Franco: A Personal and Political Biography

Stanley G. Payne, Jesús Palacios Tapias
Madison, WI, University of Wisconsin Press, 2014, ISBN: 9780299302108; 584pp.; Price: £31.95
Trent University
DOI: 10.14296/RiH/2014/1810
Date accessed: 4 June, 2023
Stanley G. Payne needs no introduction. He has a well-deserved reputation as an excellent historian who has produced, among other publications, perhaps the best guide to the study of European Fascism (A History of Fascism, 1914–45). He is also the author of numerous books on Spain, some of them real landmarks in our knowledge of that country’s modern history. Payne started publishing in the decade before Francisco Franco’s death in November 1975, and in the years since his work has greatly contributed to our understanding of a period deliberately obscured by the legacy of the dictatorship (1936–75). With this, he has greatly contributed to the rebirth of civil society in democratic Spain. What is more, Payne has trained several generations of historians of Spain, many of whom continue to produce high quality works on a variety of topics. Payne’s co-author, Jesús Palacios, is a journalist and historian (in that order), well known in Spain, where he has a wide circle of admirers and friends, many of whom come from the right and far right. This position has allowed him, for example, to be the first historian to enter the archives of the Francisco Franco Foundation; it is here that the dictator’s personal documents – in what constitutes a fairly irregular arrangement – remained until recently under lock and key. In recent years Payne, too, has cultivated a wide array of contacts among conservative and far-right circles, both inside and, mostly, outside Spanish academia. He is, for example, a friend of Carmen Franco, the dictator’s daughter (on whose testimony he relies heavily throughout this book), and he has written prologues for, or endorsed the works of, controversial authors such a Pío Moa. This doesn’t mean that Payne bites his tongue in front of these people; nor does he endorse their opinions outright. In fact, his determination to say what he thinks, even if inconvenient to many, is legendary. For example, just recently, Payne explained in front of Carmen Franco and other far-right personalities that the Caudillo did indeed want to enter the Second World War and that his supposed his efforts to save Jews during that conflict are a myth.

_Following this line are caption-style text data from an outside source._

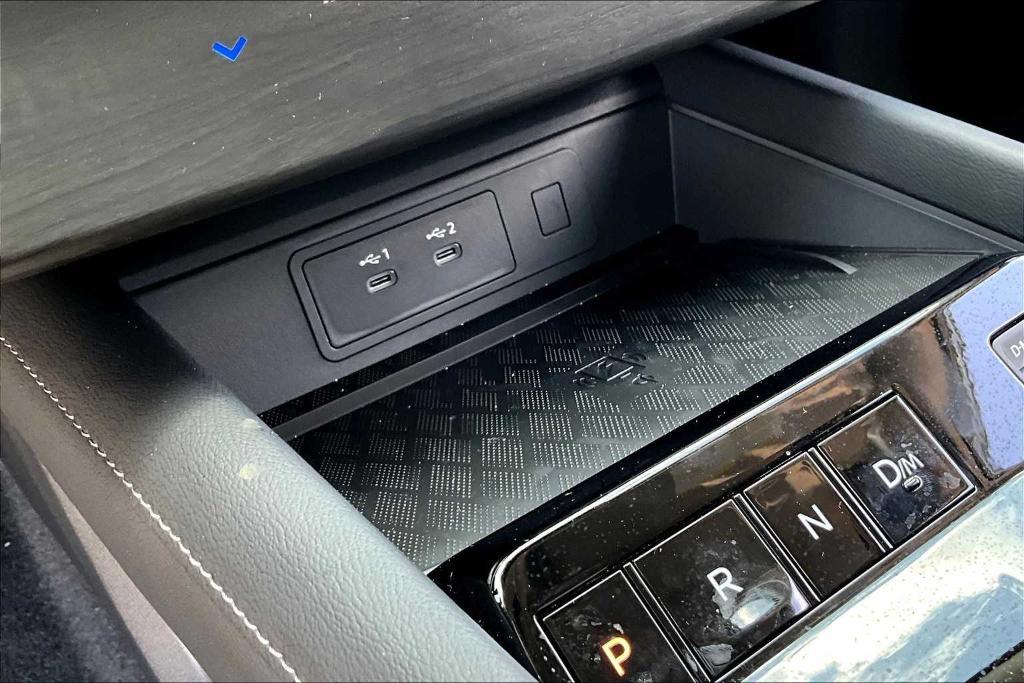 new 2025 Nissan Murano car, priced at $40,020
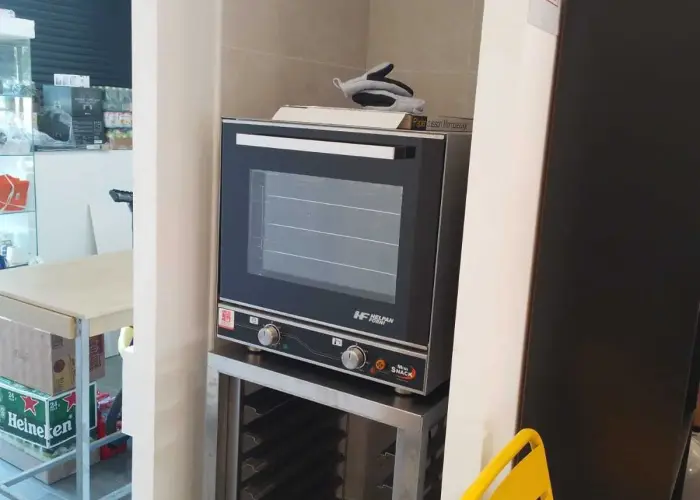 Shop in café   four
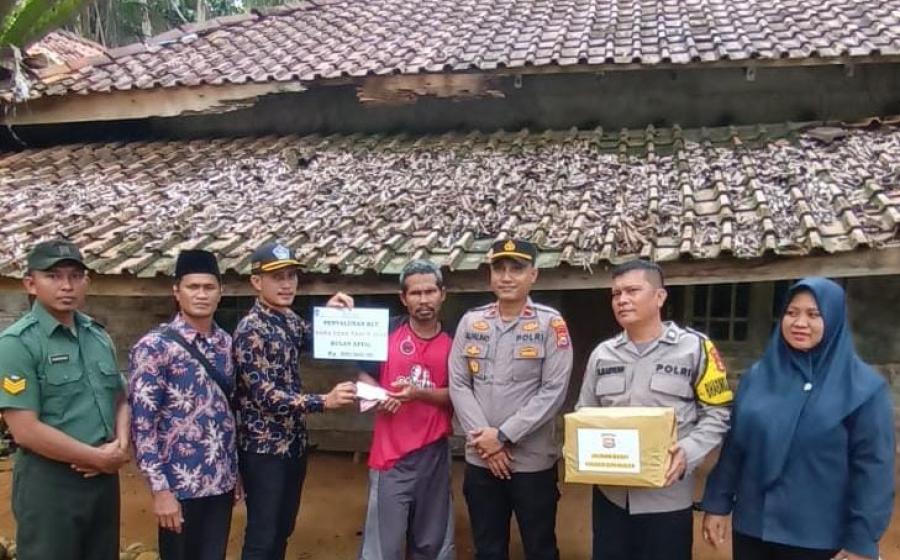 Kapolsek Giri Mulya Laksanakan kegiatan Pembagian BLT DD dan Pembagian Baksos Polsek Giri Mulya di Desa Suka Makmur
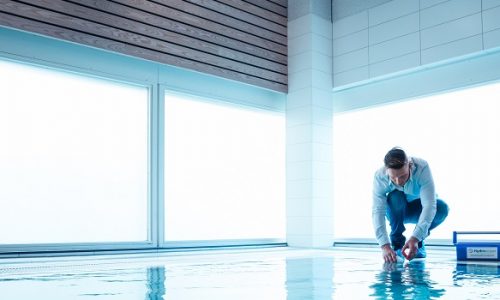 Medewerker Hydroscope neemt een zwembadwatermonster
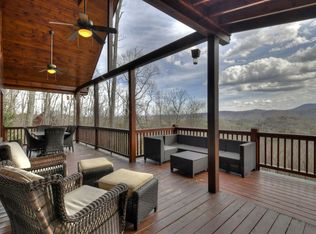 847 Whispering Lake Dr, Blue Ridge, GA 30513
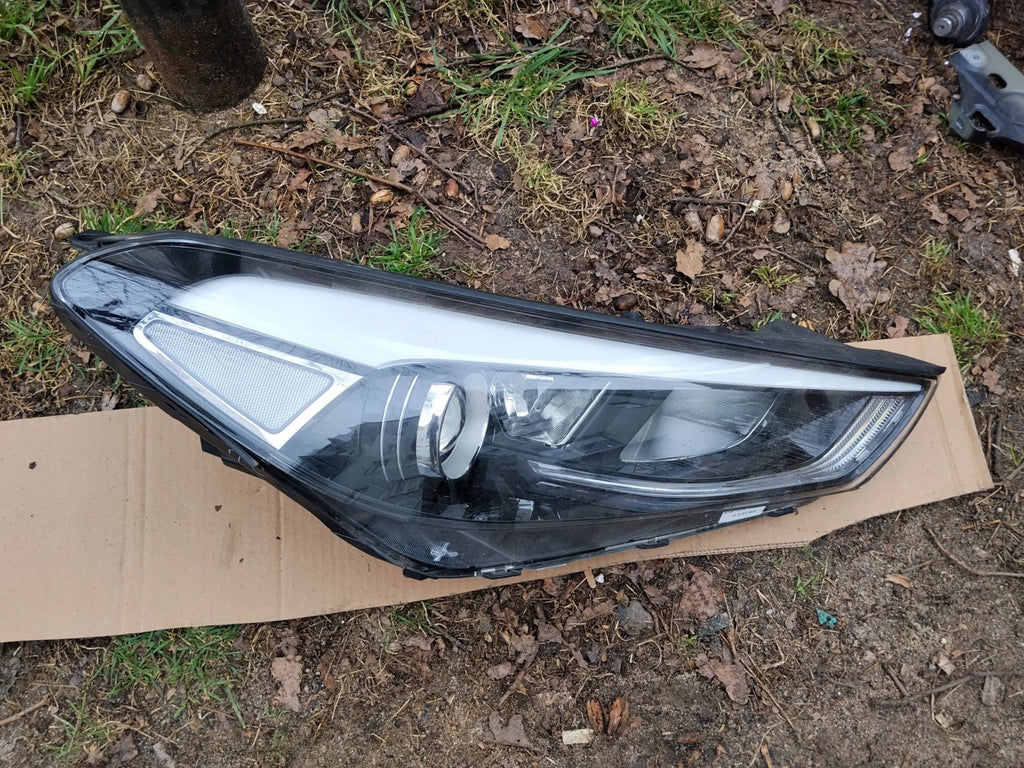 Frontscheinwerfer Hyundai Tucson 92102-D7000 Rechts Scheinwerfer Headlight SCH2288728839ek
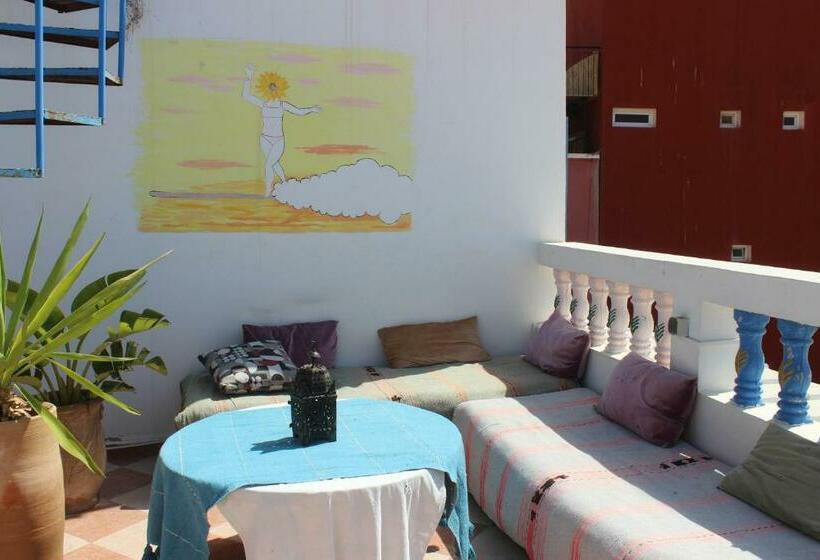 Отель Tamraght White Hostel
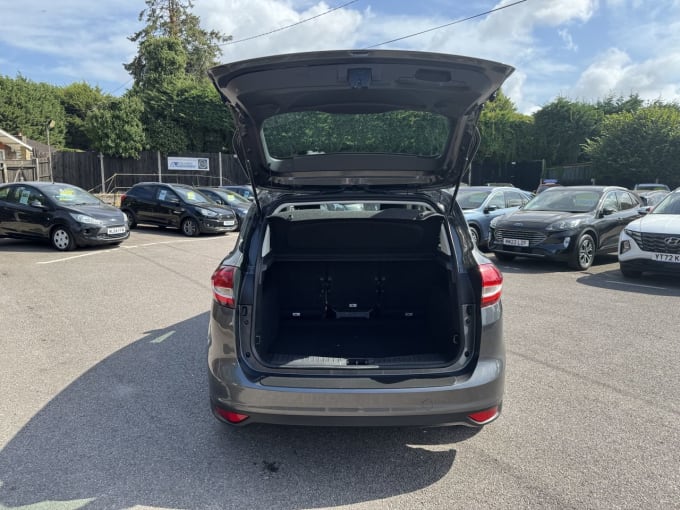 2025 Ford C-max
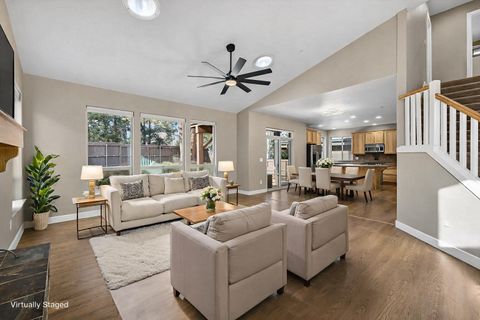 Tiny photo for 161 SE Rice Way, Bend, OR 97702 (MLS # 220215259)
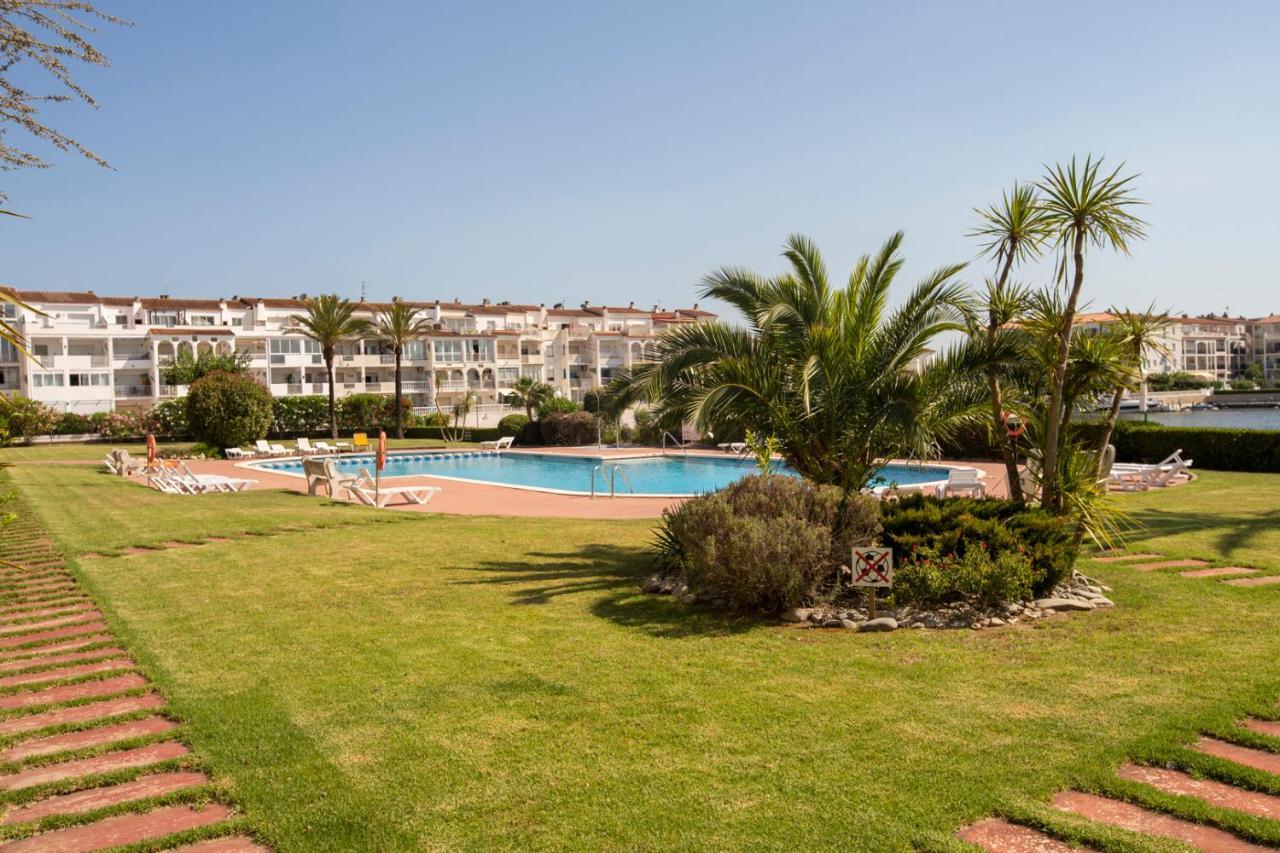 1005 Apartamento Con Vistas Al Lago San Maurici By Homeselectspain Эмпуриабрава Экстерьер фото
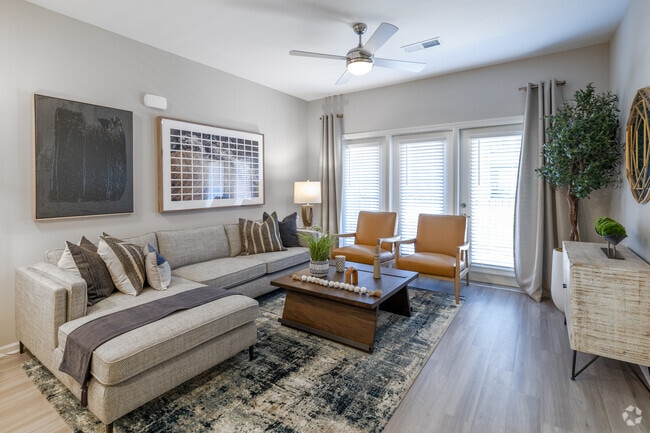 1BR, 1BA - 718SF Living Room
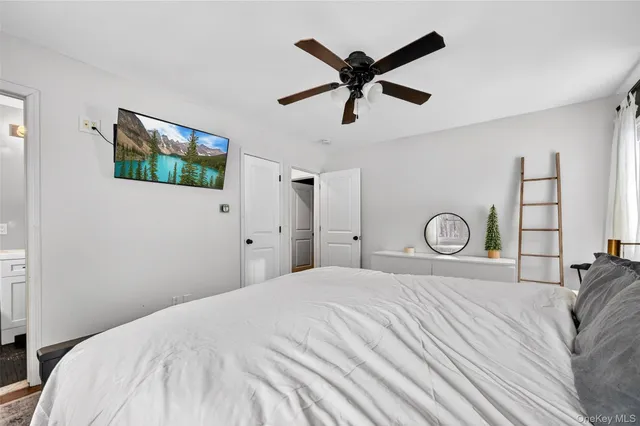 $430,000 | 917 Scotchtown Collabar Road, Middletown, NY 10941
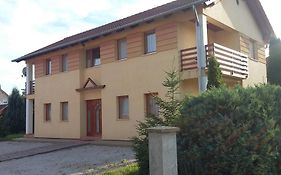 Bodzavirag Apartman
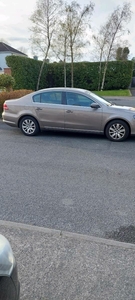 2011 - Volkswagen Passat Manual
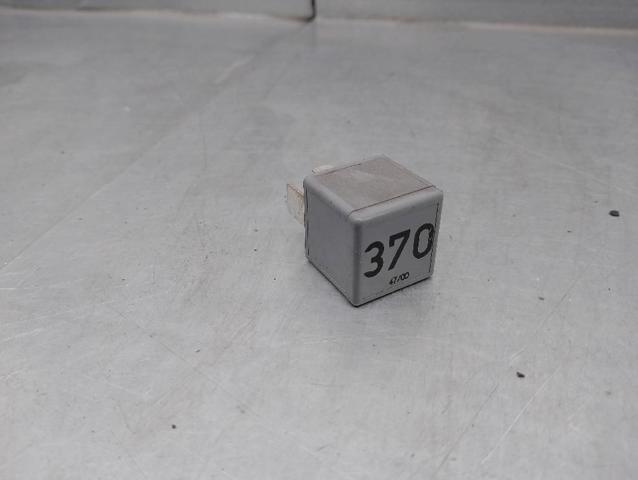 Przekaźnik wentylatora 8D0951253 VAG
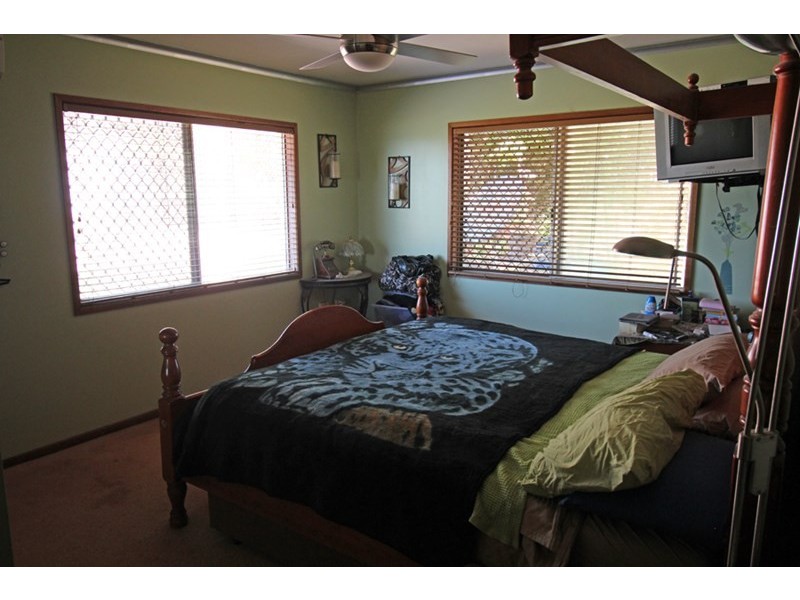 Lake Eacham QLD 4884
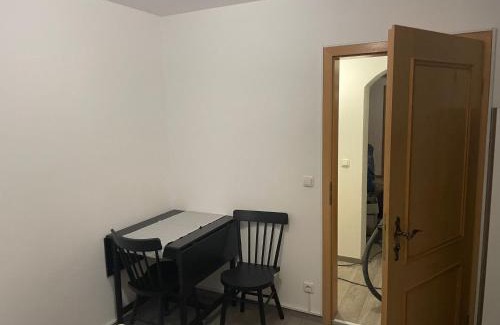 Furstenfeldbruck District Apartment | Monteursunterkunft Egenhofen - fitters' accommodation with shared kitchen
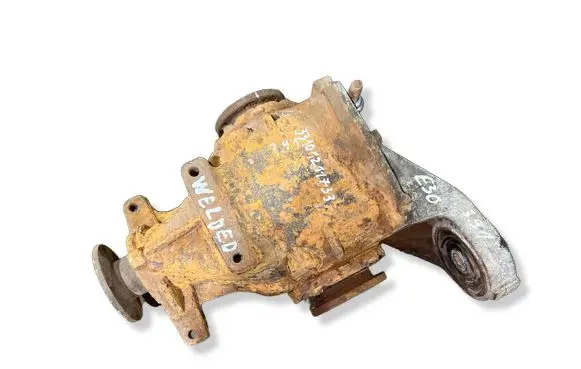 BMW 3 E30 Rear differential 33101211733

As the book under review demonstrates, both Payne and Palacios write well; are precise and judicious with their material; and put forth a strongly conservative interpretation, both methodologically and ideologically. In methodological terms, this book is an example of the most classic political history. The cultural and social background of the dictatorship occupies a secondary position in the narrative, which focuses mainly on the deeds of its titular subject. In many ways, this book, while diametrically opposed in ideological terms, is similar in conception to the equally massive and also excellent biography of the dictator written by Paul Preston two decades ago.(1) Both books are often complementary, and both are a must read for any serious student of the subject.
Preston’s vision of Franco is clearly hostile, and this hostility extends to his analysis of the political right, particularly during the torturous life of the Spanish Second Republic (1931–39). Payne’s and Palacios’ vision is exactly the opposite. They make of the left the main culprit in the drama of the Civil War, the Franco dictatorship, and even – here Palacios the journalist seems to take over – of many of the problems of the country in more recent times. There are in the book a few gibes against the Socialist Party (PSOE) governments of the 1980s and 1990s. The overall result is that the Franco portrayed by Payne and Palacios is less the cunning and ruthless man depicted by Preston than the smart and hardworking Army officer who became the Caudillo (leader) as a result of, and sometimes as the preferable option to, the serious shortcomings of Spain’s democratic and/or leftist politicians since the 1930s. This is the book’s ultimate argument, and logically, where its biggest faults reveal themselves. Put differently, this biography is stronger when talking about Franco himself – on which the authors write with knowledge and precision – than when attempting to deal with the larger context in which the dictator ruled; indeed, it is here that they demonstrate a clear ideological bias. By way of disclosure, I should point out that Payne’s and Palacios’ approach is precisely the opposite of the one I employed when writing my own biography of the dictator.(2) No doubt this fact influences, and probably prejudices, how I see the book under review.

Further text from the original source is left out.